Lead Opinion
¶ 1 Lisа Friedman appeals the trial court’s decision to grant visitation rights to the paternal grandparents of her two children. She contends the court failed to accord sufficient weight to the presumption that her decision to deny visitation was in the children’s best interests, effectively shifting the burden of proof to require her to prove visitation was not in them best interests. For the reasons that follow, we affirm.
¶ 2 We view the record in the light most favorable to upholding the trial court’s decision. Johnson v. Johnson,
¶3 Roels has had supervised parenting time since the separation. He had no legal decision making authority over the children until August 2016, when he and Friedman agreed that while Friedman would retain “final decision making authority,” she would consult with Roels on non-emergency matters. The children received counseling beginning in June 2010 and participated in several family therapy sessions with Roels in 2012, 2013, and 2016. He had been abusive at times during the marriage, including yelling and losing his temper, and “kicking [M.] once” and “holding him and grabbing him once.”
¶4 In April 2014, paternal grandparents David Roels Sr. and Claudia Roels (Grandparents) filed a petition pursuant to A.R.S. § 26-409 to obtain court-ordered visitation. The trial court entered a temporary order allowing them to participate in Roels’s supervised parenting time for a minimum of one hour per month. At that time, they had not spoken to the children in nearly four years, at Friedman’s insistence.
¶ 6 The trial court conducted a two-day hearing in August 2015. Grandparents testified that before the parents’ separation, they had enjoyed a close relationship with the children. They had attended M.’s birth and met R. a week after hers and frequently travelled to Tucson to attend school and sports activities and spend time with the family. On two occasions, they had provided child care during the day for multiple-day periods and were a regular presence in the children’s lives. After the separation, Friedman cut off Grandparents’ access to the children and insisted there be no contact between them. Grandparents, however, attempted to maintain contact by sending the children cards and gifts for their birthdays and holidays.
¶ 6 The children were initially averse to reuniting with their grandparents: Roels testified that when he first had spoken to them about the visits, M, had stated he “d[id]n’t want [Grandparents] to come.” After the first visit, however, “there just wasn’t any apprehension or ... tension.” Delana Cota, a family support specialist who supervised the first visit, described the children’s initial reaction to their grandparents as “quiet” and “awkward,” but recognized that “the mood of the visit elevated ... [and] [b]eeame more comfortable.” When Grandparents left, Cota overheard M. and R. discussing the visit and heard R. ask M., “Do you agree with me, it wаs good with grandparents,” to which M. said, “Pretty nervous about nothing.” R. then responded, “You would be fine if they came again, are you with me ... I like them coming.”
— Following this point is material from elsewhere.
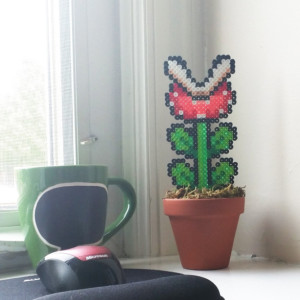 NES Potted Power Flower Desk Plants made with Perler Beads- Mother's Day/Office/Home Decor/Florals- Geekery/ Nerd/ HIpster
¶ 7 Bethany Aaronson, another independent visit supervisor, testified that Grandparents planned extensively for their court-ordered visits and the children appeared to enjoy them. She characterized the visits as “very successful” and noted that when Grandparents were around, the activities were more structured and there was “more laughing, more kidding around” and everyone was “a little more involved and engaged.” In contrast, Aaronson described visits with only Roels as “unstructurеd” with “[t]he children often spending] a lot of time looldng at their devices.” But when Grandparents were present, “the children engaged with the activities, and as a result ... then began engaging with the adults.” On one occasion, “the children spontaneously got up and hugged [Grandparents] a second time before they left.”
¶ 9 The trial court found the expеrt opinions to be of limited usefulness, and in a detailed under-advisement ruling, after considering all relevant evidence, “including the demeanor and credibility of the parties,” determined it was in the children’s best interests to have visitation with their grandparents. The court entered an order entitling Grandparents to video calls with the children every two weeks and allowing them to participate in portions of Roels’s supervised parenting time.
Grandparents’ Visitation Request
¶ 10 Friedman contends the trial court erred in awarding Grandparents visitation despite Friedman, as the children’s “only fit parent,” having determined the visits were contrary to the children’s best interests. We review the decision to award grandparent visitation for an abuse of discretion. McGovern v. McGovern,
¶ 11 Section 25-409(C), A.R.S., provides “a person other than a legal parent may petition the superior court for visitation with a child” and the court “may grant visitation rights during the child’s minority on a finding that the visitation is in the child’s best interests and ... [f]or grandparent or great-grandparent visitation, the marriage of the parents has been dissolved for at least tlmee months.” Subsection (E) further states:
In deciding whether to grant visitation to a third party, the court shall give special weight to the legal parents’ opinion of what serves their child’s best interests and consider all relevant factors including:
1. The historical relationship, if any, between the child and the person seeking visitation.
2. The motivation of the requesting party seeking visitation.
3. The motivation of the person objecting to visitation.
4. The quantity of visitation time requested and the potential adverse impact that visitation will have on the child’s customary activities.
§ 25—409(B). Subsection (F) adds, “If logistically possible and appropriate, the court shall order visitation by a grandparent or great-grandparent if thе child is residing or spending time with the parent through whom the grandparent or great-grandparent claims a right of access to the child.” § 25-409(F), Finally, subsection (G) directs grandparents and great-grandparents to petition for visitation in the same case in which the court determined the parents’ legal decision-making authority and parenting time. § 25-409(G).
¶ 12 As § 25-409(E) states, a trial court considering a request for non-parent visitation must give “special weight to the legal parents’ opinion of what serves their child’s best interests.” This aligns with the Supreme Court’s holding in Troxel v. Granville,
¶ 13 In McGovern, this court set forth “constitutionally based principles that a trial court should ... follow in determining .,. grandparent visitation rights under § 25-409.”
¶ 14 Here, the trial court followed McGovern and applied the presumption that Friedman was acting in the children’s best interests in denying visitation, but ultimately expressly determined Grandparents had rebutted that presumption, In reaching its conclusion, the court made extensive findings regarding the children’s best interests while acknowledging it was required to “give ‘some special weight’ to a fit parent’s determination of whether visitation is in the child’s best interest” and “consider all relevant factors, including those ... enumerated in A.R.S. § 25-409.” See § 25^09(E). In doing so, the court explicitly “g[ave] deference to [Friedman]’s position” and “applied the presumption that [Friedman] has and shall continue to make decisions that are in the children’s best interests.”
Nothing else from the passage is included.